PROBLEM TO WORK ON
Give again, word for word, every line in the entries below from the line with "Ultima Rail Style" up to and including the line with "Personalized Just Married", and no other line.

DATA TO USE
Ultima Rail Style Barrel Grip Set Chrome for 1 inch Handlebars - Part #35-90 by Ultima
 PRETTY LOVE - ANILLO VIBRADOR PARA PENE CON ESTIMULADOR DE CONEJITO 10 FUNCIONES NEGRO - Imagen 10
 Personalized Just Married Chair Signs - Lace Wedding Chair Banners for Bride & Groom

--

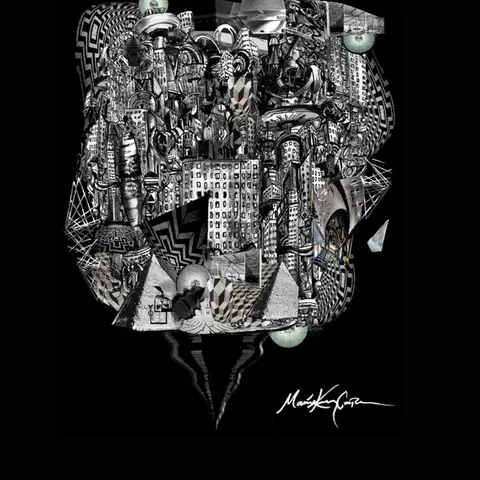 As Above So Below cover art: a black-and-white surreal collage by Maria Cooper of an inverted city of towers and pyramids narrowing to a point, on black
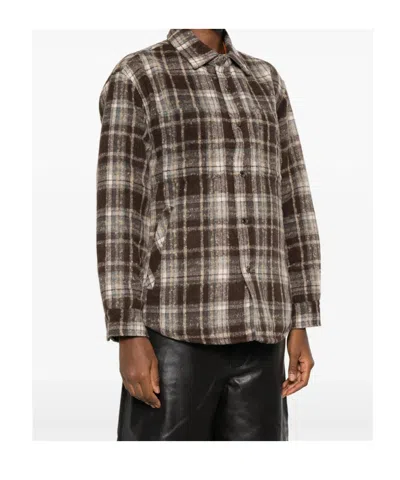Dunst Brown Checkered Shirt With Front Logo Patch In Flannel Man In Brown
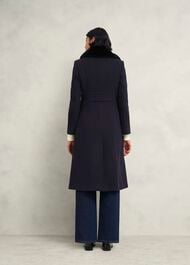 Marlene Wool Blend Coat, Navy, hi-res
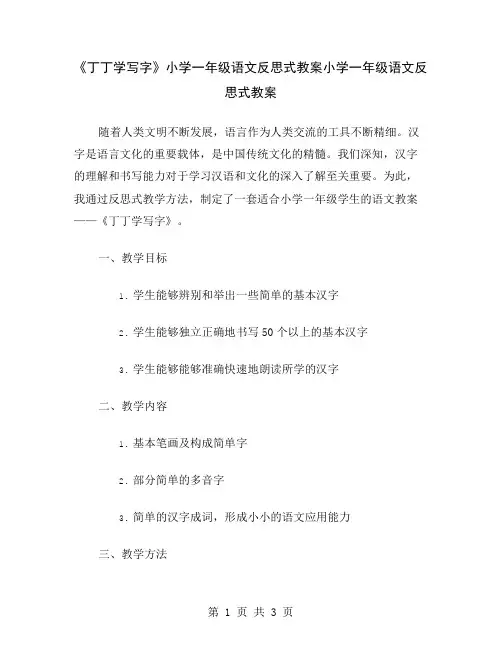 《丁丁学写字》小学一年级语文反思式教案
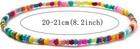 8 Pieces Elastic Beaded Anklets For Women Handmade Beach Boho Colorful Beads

--

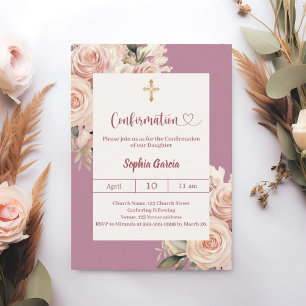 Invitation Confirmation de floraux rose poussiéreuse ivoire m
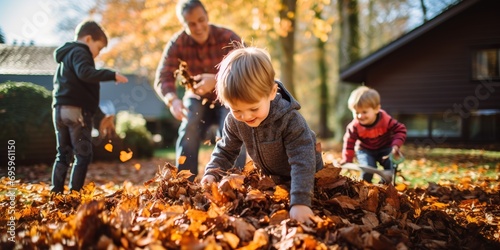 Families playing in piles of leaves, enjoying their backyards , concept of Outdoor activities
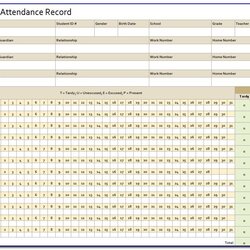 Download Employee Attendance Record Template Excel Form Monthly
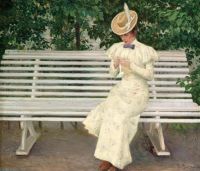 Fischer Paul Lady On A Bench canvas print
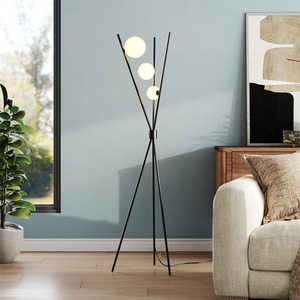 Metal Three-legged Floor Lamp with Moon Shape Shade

ANSWER SPACE
Ultima Rail Style Barrel Grip Set Chrome for 1 inch Handlebars - Part #35-90 by Ultima
 PRETTY LOVE - ANILLO VIBRADOR PARA PENE CON ESTIMULADOR DE CONEJITO 10 FUNCIONES NEGRO - Imagen 10
 Personalized Just Married Chair Signs - Lace Wedding Chair Banners for Bride & Groom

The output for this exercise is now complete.